LISTED ENTRIES
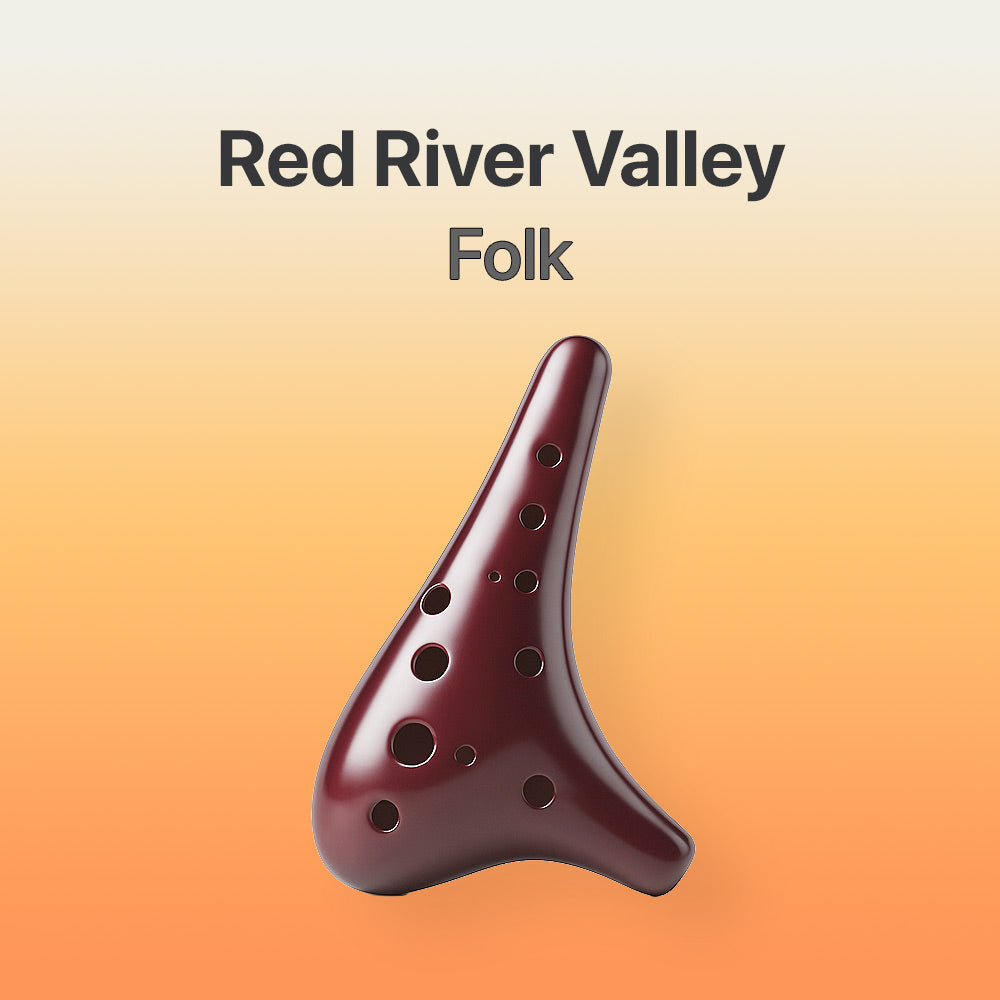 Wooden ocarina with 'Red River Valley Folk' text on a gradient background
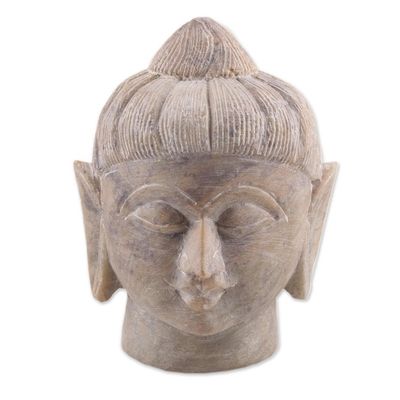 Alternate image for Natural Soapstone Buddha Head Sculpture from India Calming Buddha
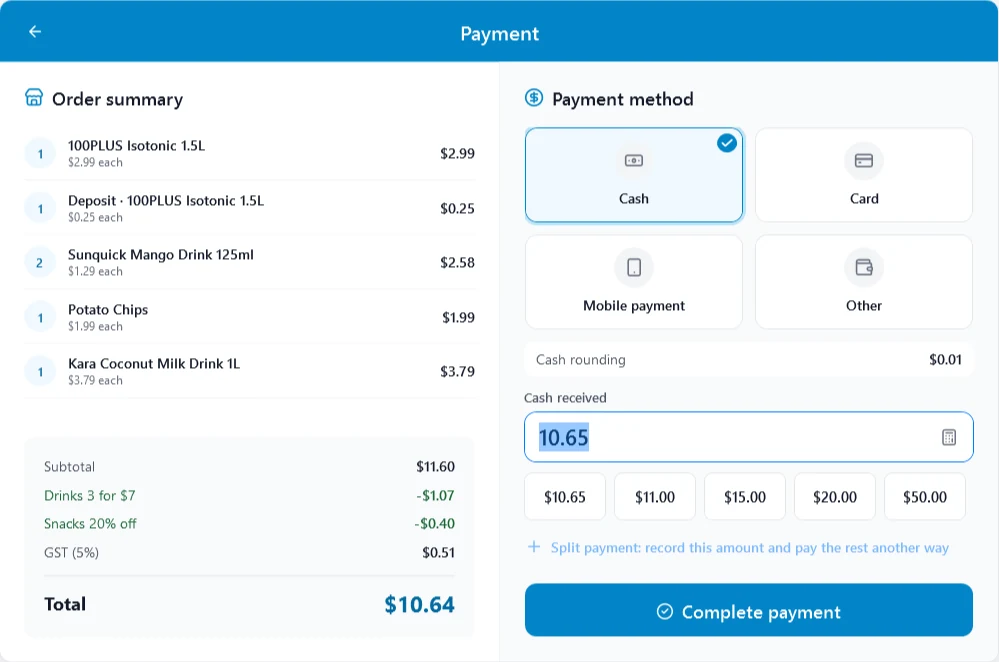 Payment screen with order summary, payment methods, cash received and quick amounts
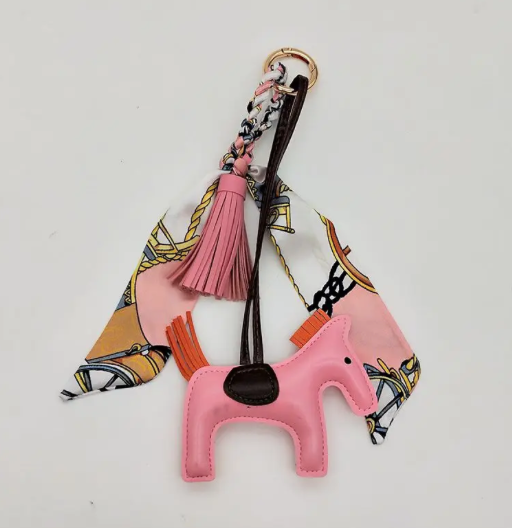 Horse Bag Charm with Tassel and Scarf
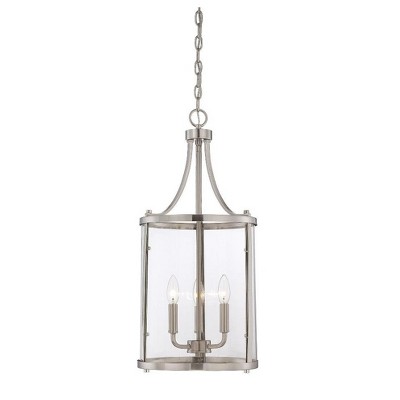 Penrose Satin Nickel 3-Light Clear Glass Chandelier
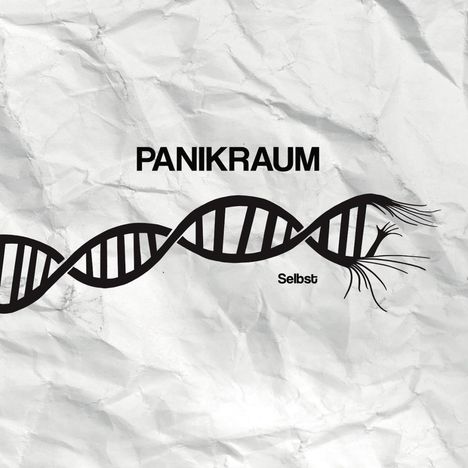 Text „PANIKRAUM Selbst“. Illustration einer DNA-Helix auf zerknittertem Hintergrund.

--

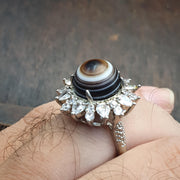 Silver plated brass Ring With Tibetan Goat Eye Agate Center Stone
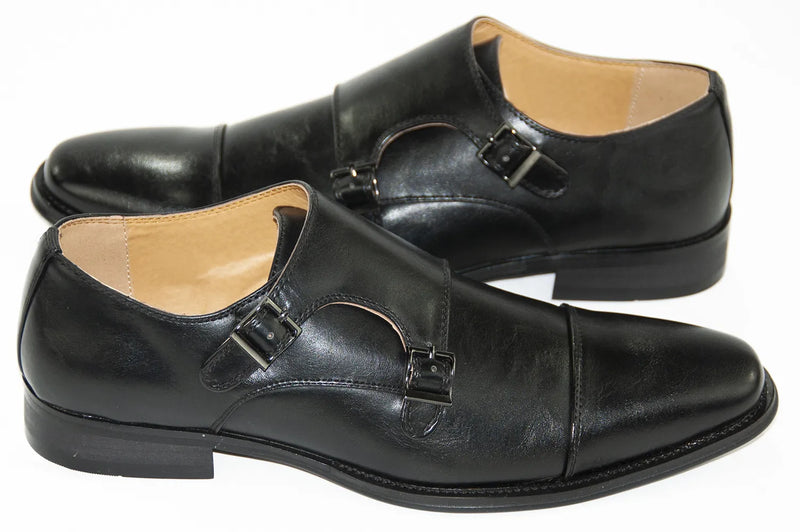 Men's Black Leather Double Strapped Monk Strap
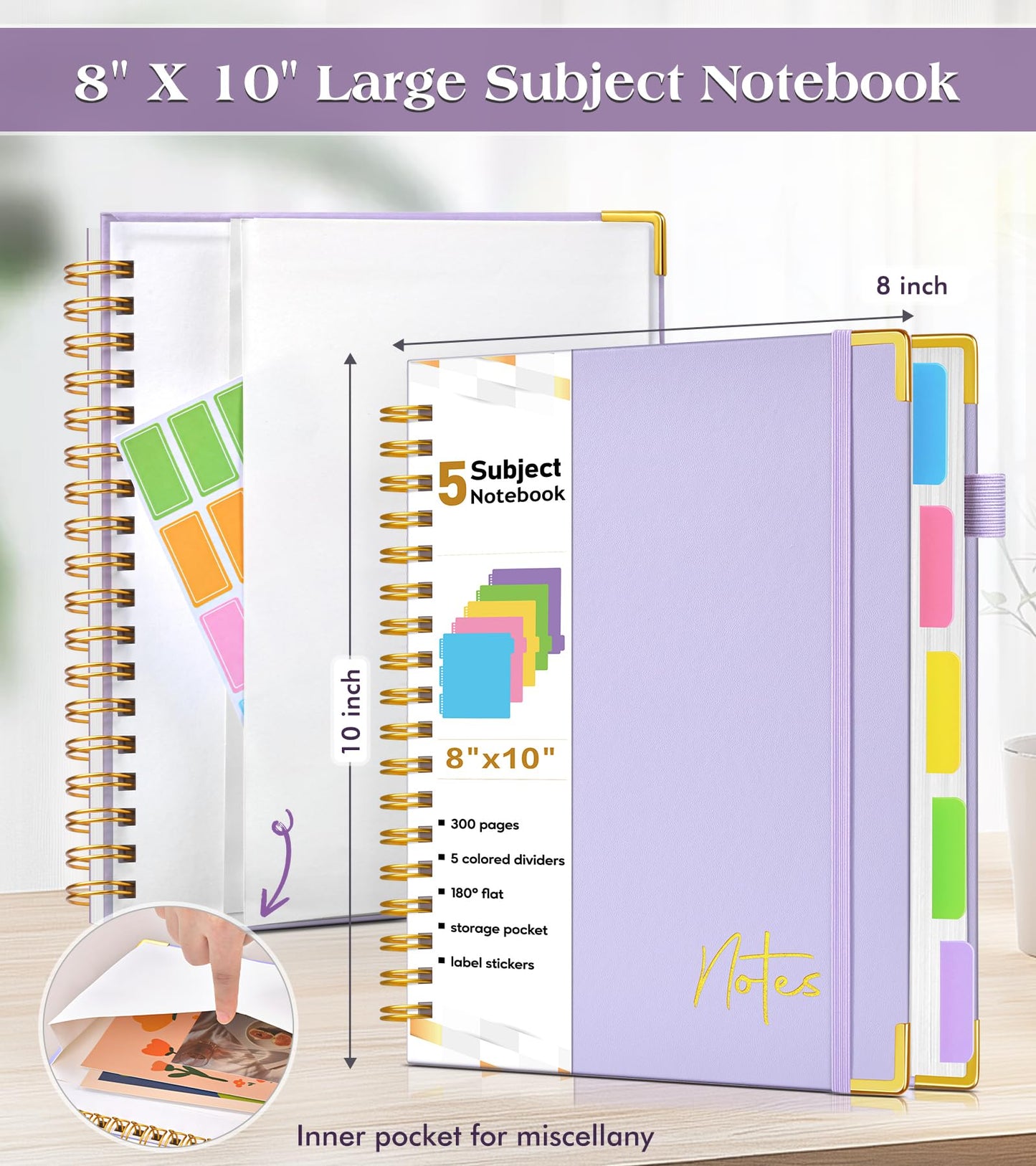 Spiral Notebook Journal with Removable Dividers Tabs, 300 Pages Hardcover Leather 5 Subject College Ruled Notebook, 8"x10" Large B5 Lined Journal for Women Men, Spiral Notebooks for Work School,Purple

...

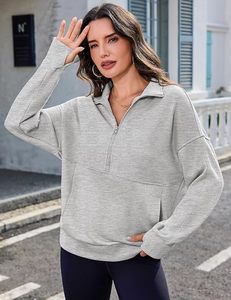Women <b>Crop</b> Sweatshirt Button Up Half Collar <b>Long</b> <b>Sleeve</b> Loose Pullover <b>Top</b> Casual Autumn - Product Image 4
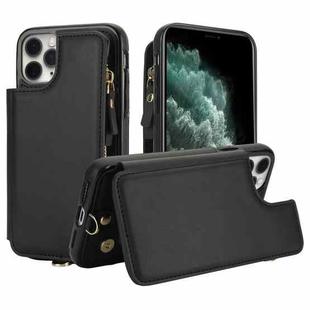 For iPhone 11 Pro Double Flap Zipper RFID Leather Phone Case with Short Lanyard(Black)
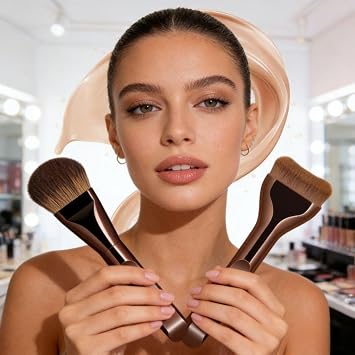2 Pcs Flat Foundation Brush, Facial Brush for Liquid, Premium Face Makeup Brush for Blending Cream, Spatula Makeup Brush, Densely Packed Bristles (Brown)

WORK TO COMPLETE
Please set down, exactly and with no pictures, the lines in the entries above starting at the one holding "Wooden ocarina with" and ending at the one holding "auf zerknittertem Hintergrund.", ends included.

PROBLEM SOLUTION
 Wooden ocarina with 'Red River Valley Folk' text on a gradient background
 Alternate image for Natural Soapstone Buddha Head Sculpture from India Calming Buddha
 Payment screen with order summary, payment methods, cash received and quick amounts
 Horse Bag Charm with Tassel and Scarf
 Penrose Satin Nickel 3-Light Clear Glass Chandelier
 Text „PANIKRAUM Selbst“. Illustration einer DNA-Helix auf zerknittertem Hintergrund.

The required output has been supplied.